COMBINE-lab / salmon

🐟 🍣 🍱 Highly-accurate & wicked fast transcript-level quantification from RNA-seq reads using selective alignment
https://combine-lab.github.io/salmon
GNU General Public License v3.0
768 stars 161 forks source link

wrong quantifications on some transcripts due to transposon fragments #217

Open dominik-handler opened 6 years ago

dominik-handler commented 6 years ago

Hi,

first of all, I really like using Salmon for RNAseq quantification. I have a very special problem. We are working with experimental conditions in which transposons get activated and highly expressed. This initially caused my RNAseq quantification to be wrong as transposon reads got assigned to genic transcripts. I can circumvent this problem mostly by adding the transposon transcripts into the index. Still there are some regions that are 1:1 identical between transposons and genes that still cause problems. The gene in the examples is not expressed in the cells I use which is more or less what Salmon gives me for WT conditions. Still I get TPMs of >12 in my experimental conditions due to the heavy transposon deregulation. You can see this here in this chart where I overlay the mappings from salmon in WT and in the experimental knockout (KO): image

The only region covered is the transposon piece and the rest of the transcript is uncovered.

Is there any way to avoid such wrong quantification by some settings, or is it possible to mask such regions upstream?
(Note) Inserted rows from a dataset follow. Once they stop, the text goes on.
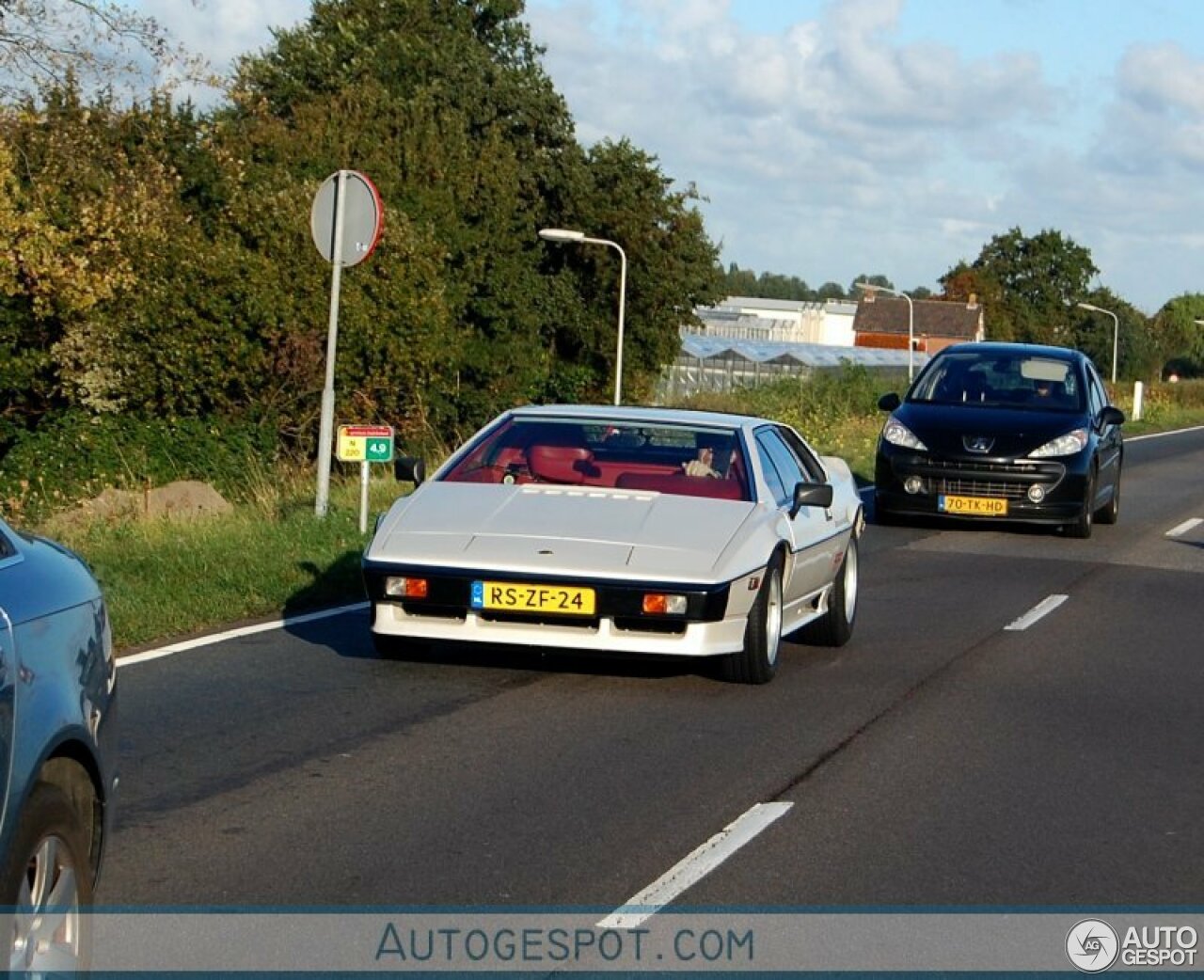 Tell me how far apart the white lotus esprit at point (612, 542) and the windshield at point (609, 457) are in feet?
0.03

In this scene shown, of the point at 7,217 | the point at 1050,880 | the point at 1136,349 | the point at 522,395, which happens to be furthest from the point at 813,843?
the point at 1136,349

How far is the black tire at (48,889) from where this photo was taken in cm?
416

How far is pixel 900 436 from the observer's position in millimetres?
19844

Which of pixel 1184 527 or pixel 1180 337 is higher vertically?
pixel 1180 337

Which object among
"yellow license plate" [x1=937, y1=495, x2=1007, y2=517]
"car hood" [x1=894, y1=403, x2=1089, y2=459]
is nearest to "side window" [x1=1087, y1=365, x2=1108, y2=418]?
"car hood" [x1=894, y1=403, x2=1089, y2=459]

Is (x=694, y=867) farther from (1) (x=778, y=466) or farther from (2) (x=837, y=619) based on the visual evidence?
(2) (x=837, y=619)

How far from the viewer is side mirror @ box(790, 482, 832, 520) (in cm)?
1068

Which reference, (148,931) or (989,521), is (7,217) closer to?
(989,521)

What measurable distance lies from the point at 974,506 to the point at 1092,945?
45.3 ft

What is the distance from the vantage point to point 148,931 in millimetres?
5492

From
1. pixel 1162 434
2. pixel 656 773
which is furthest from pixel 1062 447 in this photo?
pixel 1162 434

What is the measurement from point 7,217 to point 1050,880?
22.6 m

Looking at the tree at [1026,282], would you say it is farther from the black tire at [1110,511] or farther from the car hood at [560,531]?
the car hood at [560,531]

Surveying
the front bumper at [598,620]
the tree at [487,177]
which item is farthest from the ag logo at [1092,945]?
the tree at [487,177] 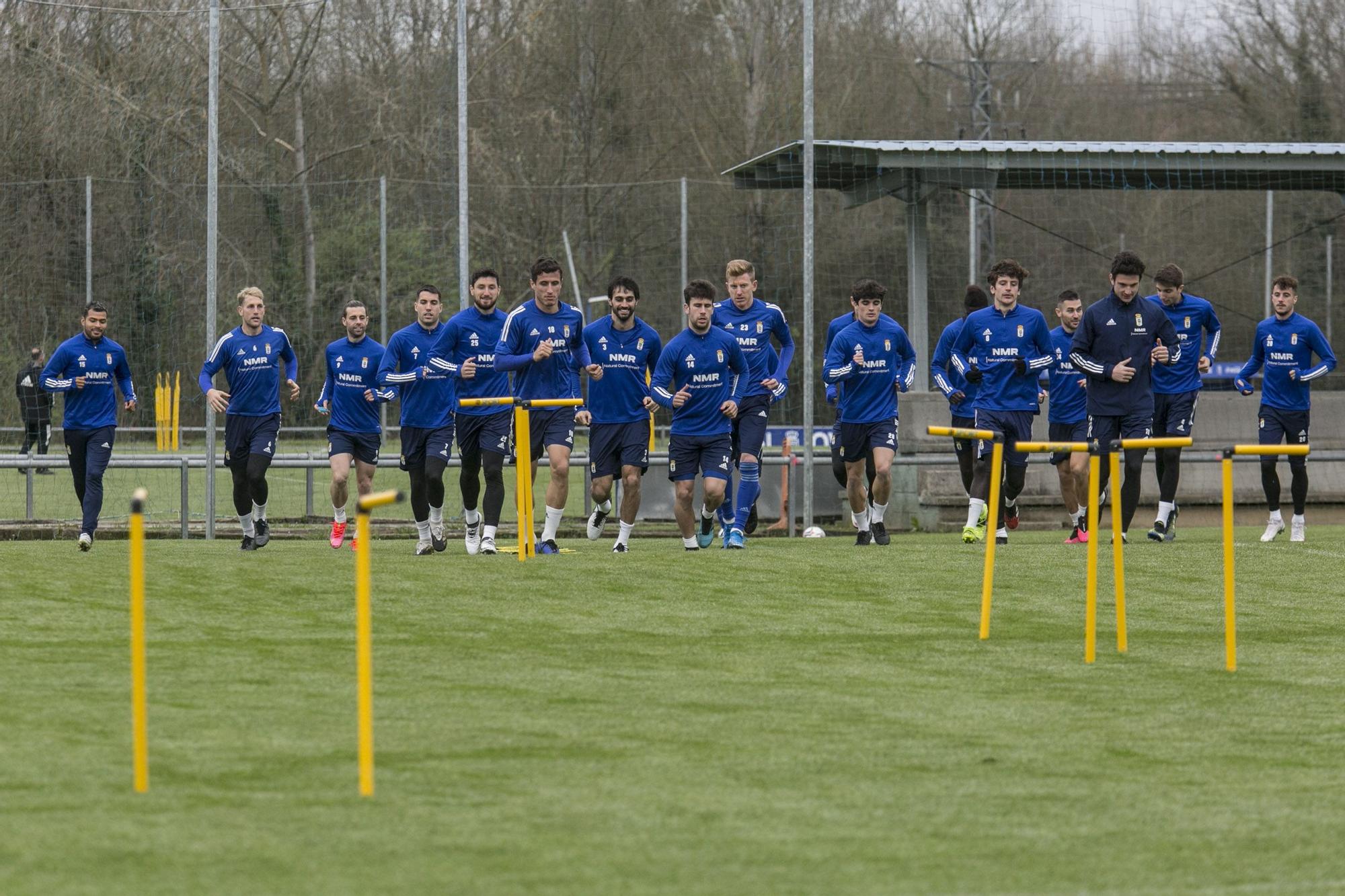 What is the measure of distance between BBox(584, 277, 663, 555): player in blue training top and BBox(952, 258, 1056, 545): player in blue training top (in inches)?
98.6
Any help would be appreciated.

All the best and thank you, Dominik

mdshw5 commented 6 years ago

I’ve noticed the same thing, and have been hard-masking any repetitive sequences in my pipeline (which I’ve been late to open-source and should be available soon): http://mattshirley.com/uploads/2017/11/2017-11-01_Genome_Informatics.pdf

dominik-handler commented 6 years ago

Yes, that is what I started to do as well. I generate reads from the transposon sequences and map them with bowtie allowing no missmatches to the transcriptome. Regions that get covered are masked. Currently I use a read-length of 30 for the transposon masking. How are you doing it?